(Records drawn from a dataset)
= = = = =

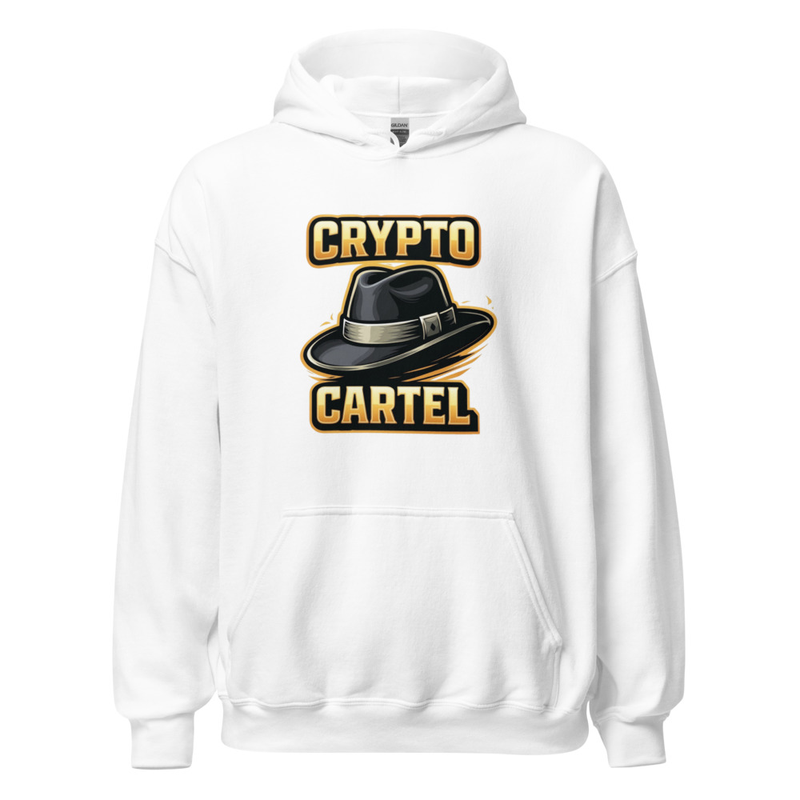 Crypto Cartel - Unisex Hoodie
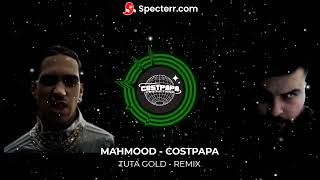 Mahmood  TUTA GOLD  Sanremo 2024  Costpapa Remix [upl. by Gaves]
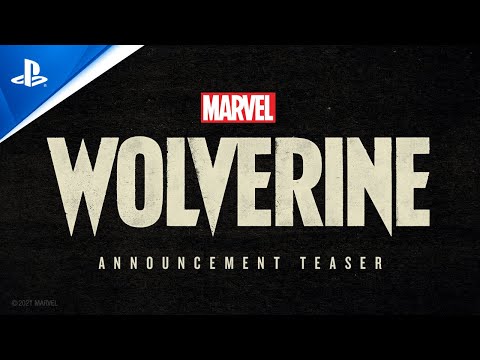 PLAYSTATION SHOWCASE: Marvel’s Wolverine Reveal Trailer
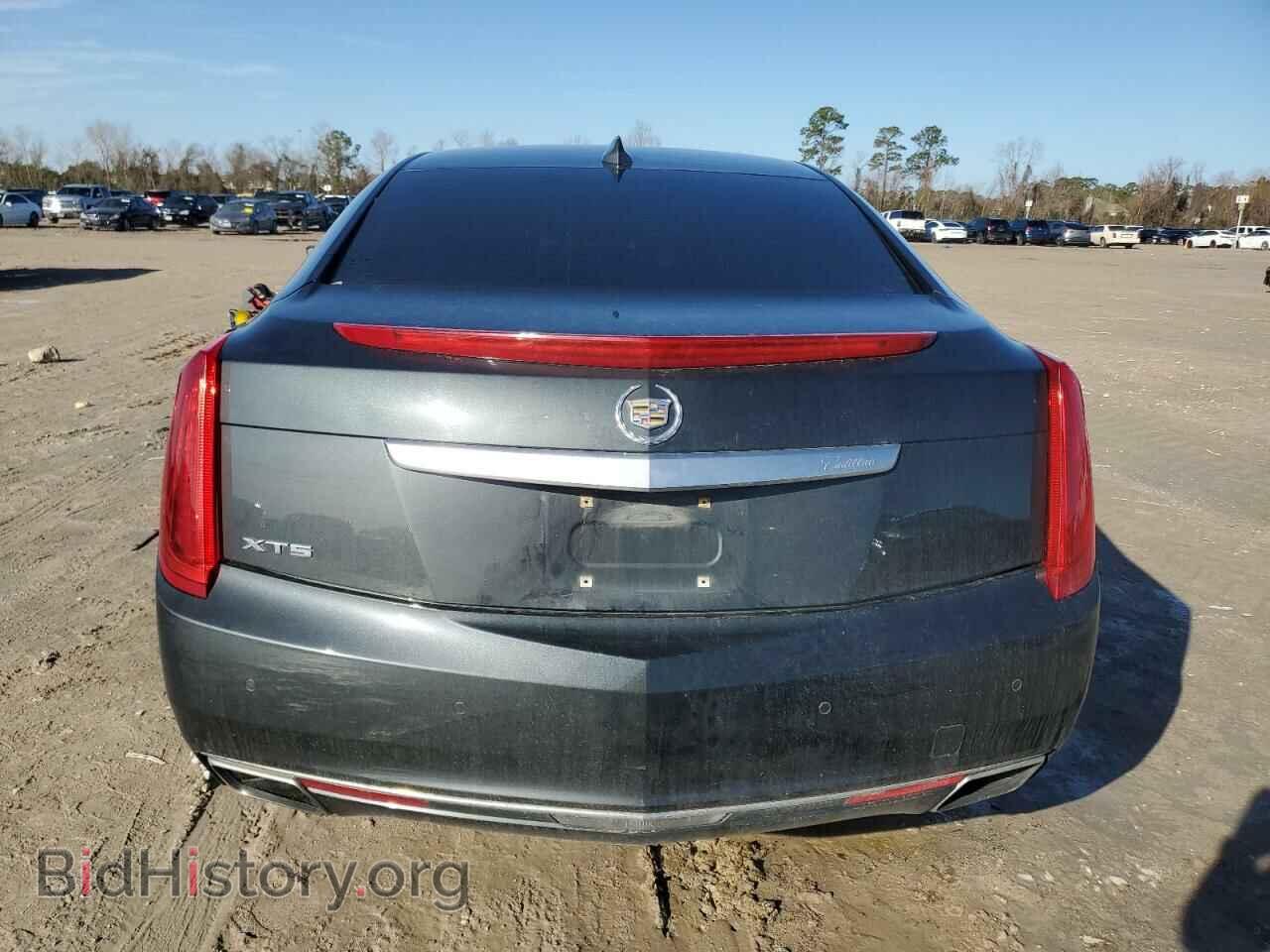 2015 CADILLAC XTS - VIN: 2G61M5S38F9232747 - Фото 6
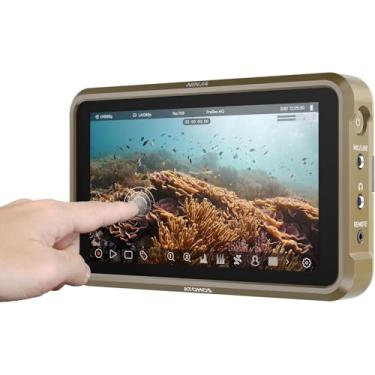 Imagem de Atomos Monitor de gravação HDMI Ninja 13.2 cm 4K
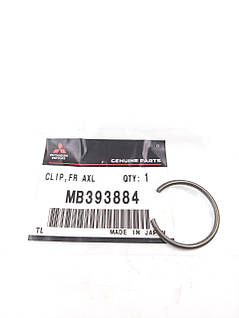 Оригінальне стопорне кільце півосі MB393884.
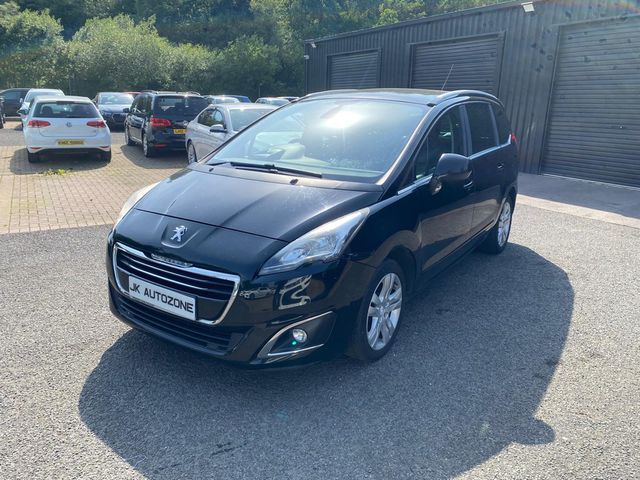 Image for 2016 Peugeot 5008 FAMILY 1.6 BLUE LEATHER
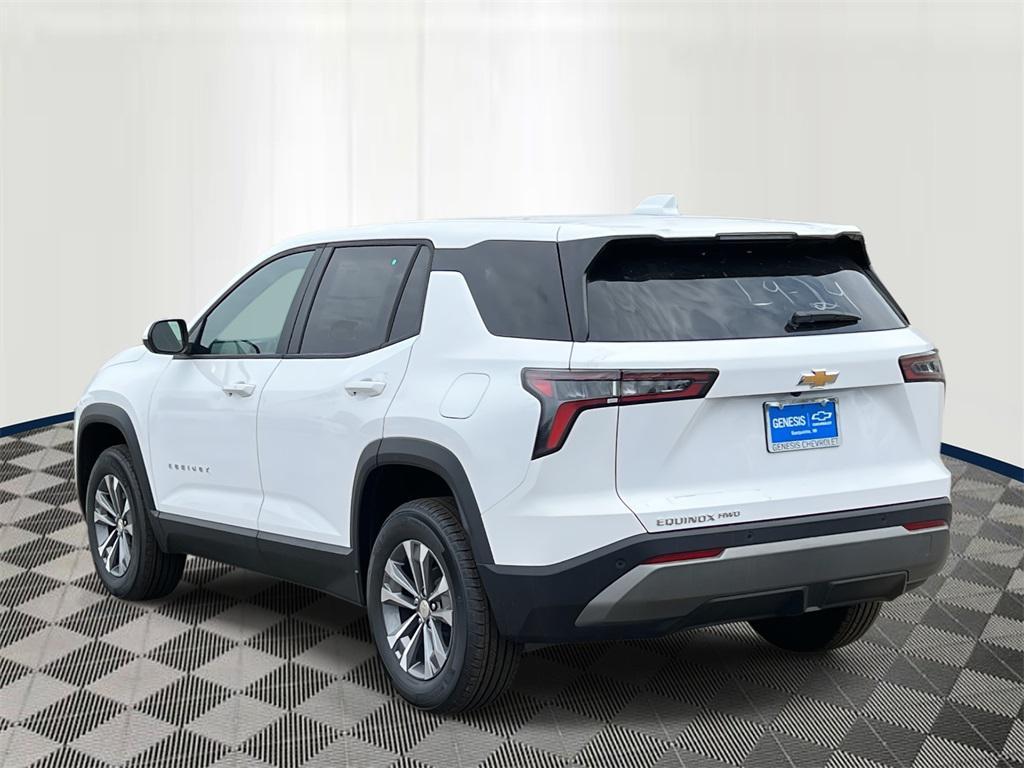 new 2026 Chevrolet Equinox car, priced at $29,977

= = = = =

Task requirements: Please quote exactly the run of lines that starts the entries and ends at the line containing "Image for 2016", leaving out every picture.

Solution to the exercise:
 Crypto Cartel - Unisex Hoodie
 Mahmood  TUTA GOLD  Sanremo 2024  Costpapa Remix [upl. by Gaves]
 PLAYSTATION SHOWCASE: Marvel’s Wolverine Reveal Trailer
 2015 CADILLAC XTS - VIN: 2G61M5S38F9232747 - Фото 6
 Imagem de Atomos Monitor de gravação HDMI Ninja 13.2 cm 4K
 Оригінальне стопорне кільце півосі MB393884.
 Image for 2016 Peugeot 5008 FAMILY 1.6 BLUE LEATHER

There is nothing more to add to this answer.